古代における観音信仰の歴史は古い。たとえば、奈良県の川原寺(かわらでら)や飛鳥寺(あすかでら)といったような、日本でもきわめて初期に建立された寺院にも観音信仰の影響を見いだせる。奈良時代になると、国分寺の建立にも観音信仰の影響を見いだすことができる。こうしたことから、少なくとも奈良時代には、観音信仰が地方までひろがっていたと考えられている。当時の観音信仰はきわめて護国(ごこく)性の強いものであった。それは、藤原広嗣(ひろつぐ)の乱や橘奈良麻呂(たちばなのならまろ)の乱などの陰謀(いんぼう)事件にさいし、観音の霊験(れいげん)にあやかろうとする動きが国家側にあったからである。
九世紀になると、定額寺制の発生とあいまって、霊験をもつ奈良の長谷(はせ)寺や壺坂(つぼさか)寺などが定額寺に列格され、観音霊場へと発展していく。天台宗にあっては、天台六観音信仰が一〇世紀には成立し、これにともなって都の観音霊場が成立してくる。また、やや遅れて真言宗でも真言六観音が一一世紀には成立している。霊場成立の基礎には、一〇世紀になると、観音への信仰(法会(ほうえ))は国家が主催するものから、貴族層が受容するものへと変化を起こしたという事実があったのである。
中央貴族層の観音にたいする信仰の成立・発展は、少なからず地方にも影響したと思われる。それを示すものとして、先にあげたような現存する観音像があるのではなかろうか。そして、これらの観音像は、そのほとんどが標高五〇〇メートル付近の中山間地に残るのであるが、この中山間地というのは古代仏教においてきわめて重要な山林修行の地である。こうした山林での修行は、律令国家が早くから禁じたものであった。にもかかわらず平安時代からも山林修行は衰えるどころか逆に盛んとなる。松代町西条の清水寺、安茂里窪寺の正覚院、信更町の観音寺や、更埴市森の観竜寺、上山田町の智識寺など、長野盆地でも一〇世紀以降の畿内(きない)における観音霊場の影響をうけた観音霊場が形成されていたのである。
『日本霊異記』には、地方豪族たちが観音像を信仰する姿が多く記されている。また、和歌山県の粉河寺(こかわでら)の「粉河寺縁起」は、大工が勧進(かんじん)した観音像が長者の娘を助けるという霊験を示す話であるが、このようなモチーフは地方における観音信仰の形成やそのひろがりを示すものとして興味深い。

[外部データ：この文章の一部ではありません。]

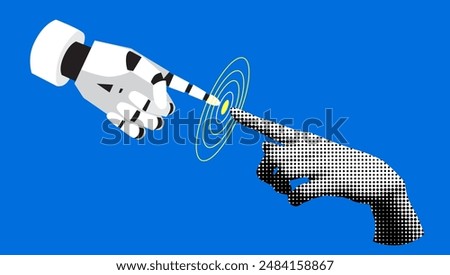 Modern collage with halftone human hand touching robots hand. Fight between human and artificial intelligence. Concept of future technologies. Machine learning. Contest between human and cyborg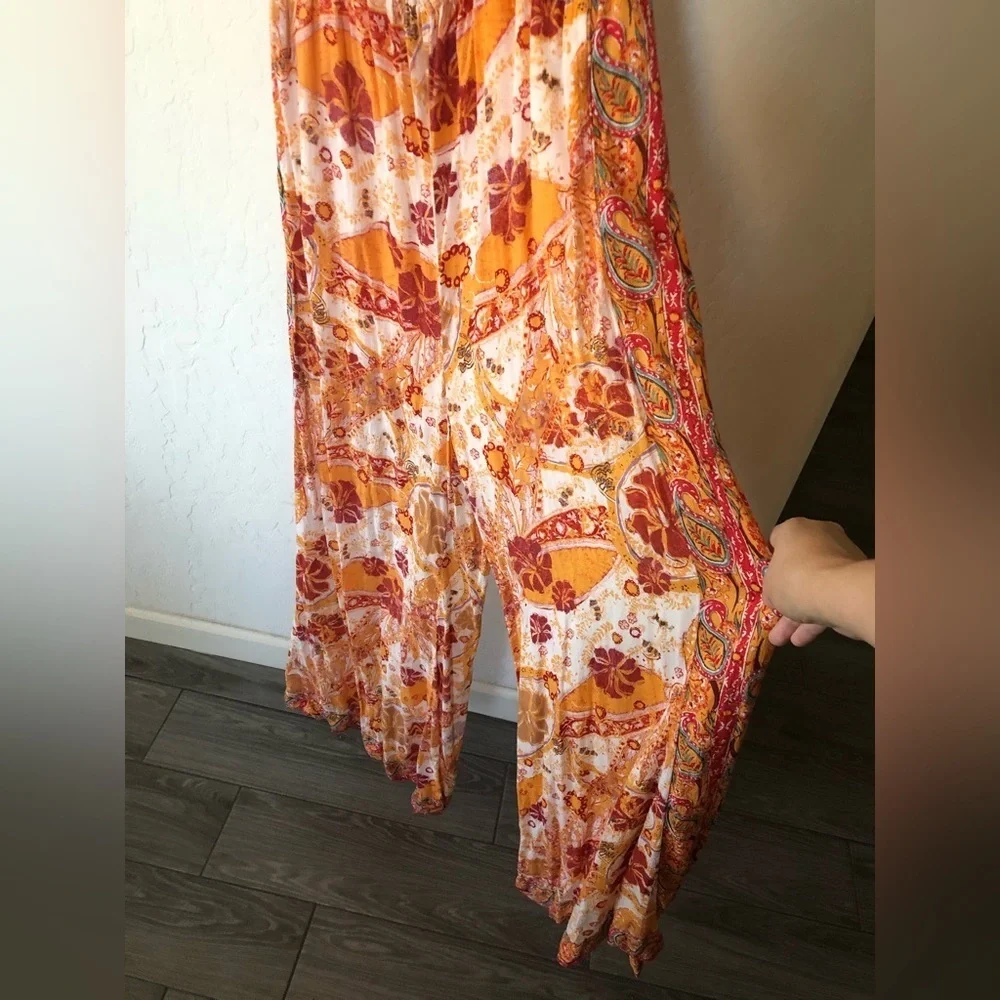 Free People|Carmen Jumpsuit,Boho floral wide leg jumpsuit-off the shoulders••• - Picture 10 of 15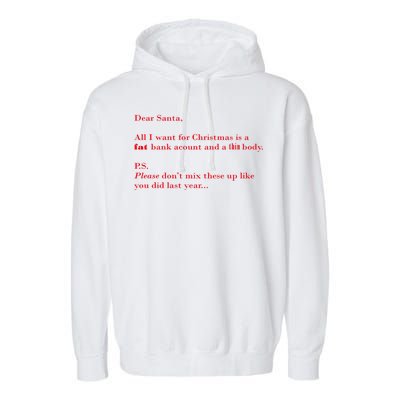 Dear Santa Fat Bank Account Thin Body Christmas Garment-Dyed Fleece Hoodie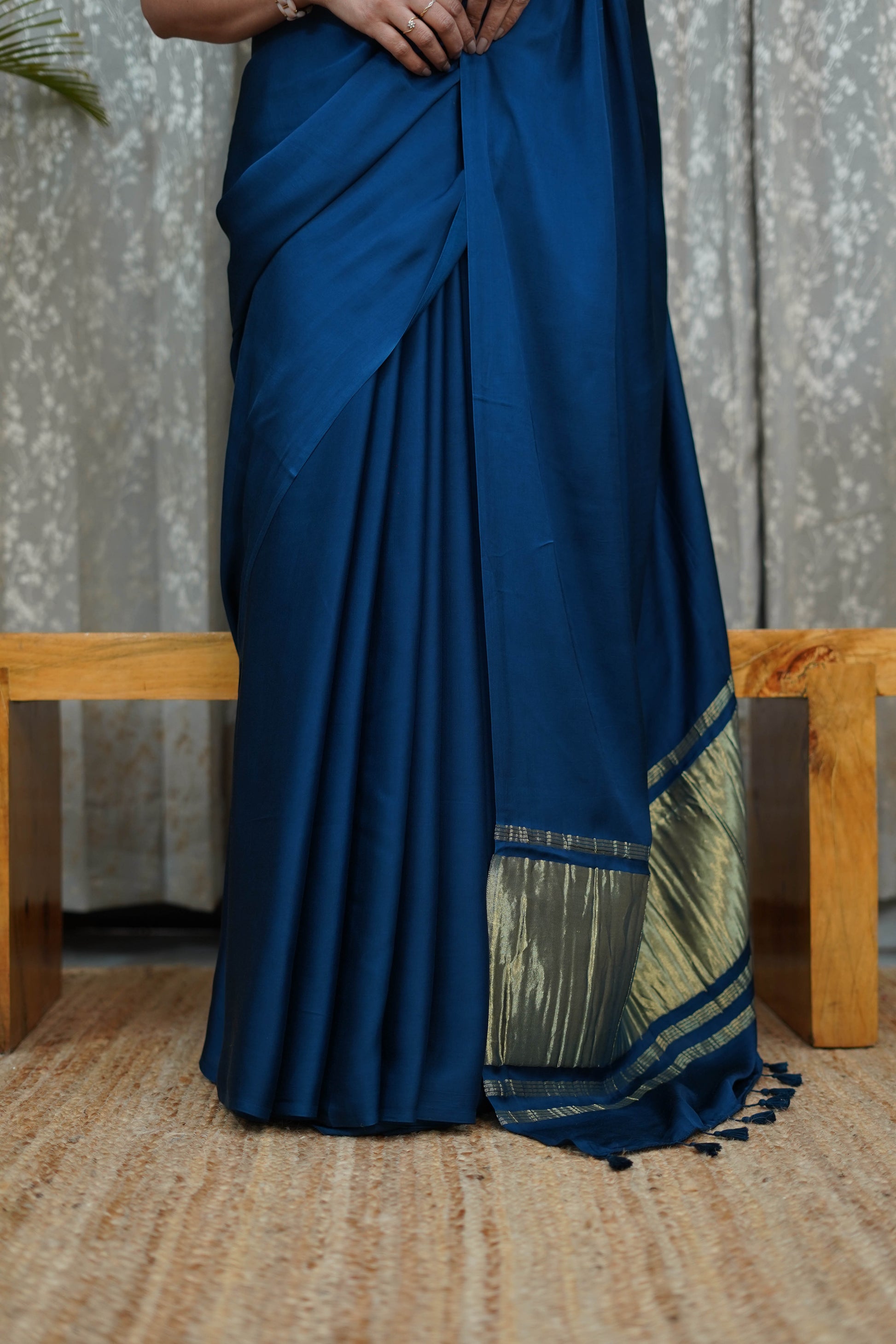 Premium Navy Blue Modal Saree with Golden Border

篠ノ井塩崎の長谷寺(はせでら)には「白介(しらすけ)ノ翁(おきな)」の物語が伝わっている。あらましはつぎのようなものである。「信濃国更級郡姨捨山(おばすてやま)のふもとに、允恭(いんぎょう)天皇六代の孫白介ノ翁が流罪(るざい)になっていた。生活は貧しかったが、父母の菩提(ぼだい)を弔(とむら)うために供養を欠かさずにおこなっていた。この供養の成就ののち善光寺に参詣したところ、大和の長谷寺にいって修行をするようにとのお告げがあり、大和の長谷寺にいく。その帰途、今度は長谷観音のお告げによって、初瀬の里から嫁を娶(めと)った。この女性は大和長谷寺の地主神滝蔵権現の化身であった。この嫁の気転によって、荘園の領家(りょうけ)から領家代という地位と一〇〇〇両の金を手に入れた。翁はこの金をもとに、信濃の長谷観音に十一面観音像を建立した」。これが、長谷観音の縁起である。
この話にもうかがえるように、観音信仰の地方における推進者は、おそらくその地方の有力豪族層であり、そして豪族のいた集落を単位として観音霊場が維持されていたのではないかと思われる。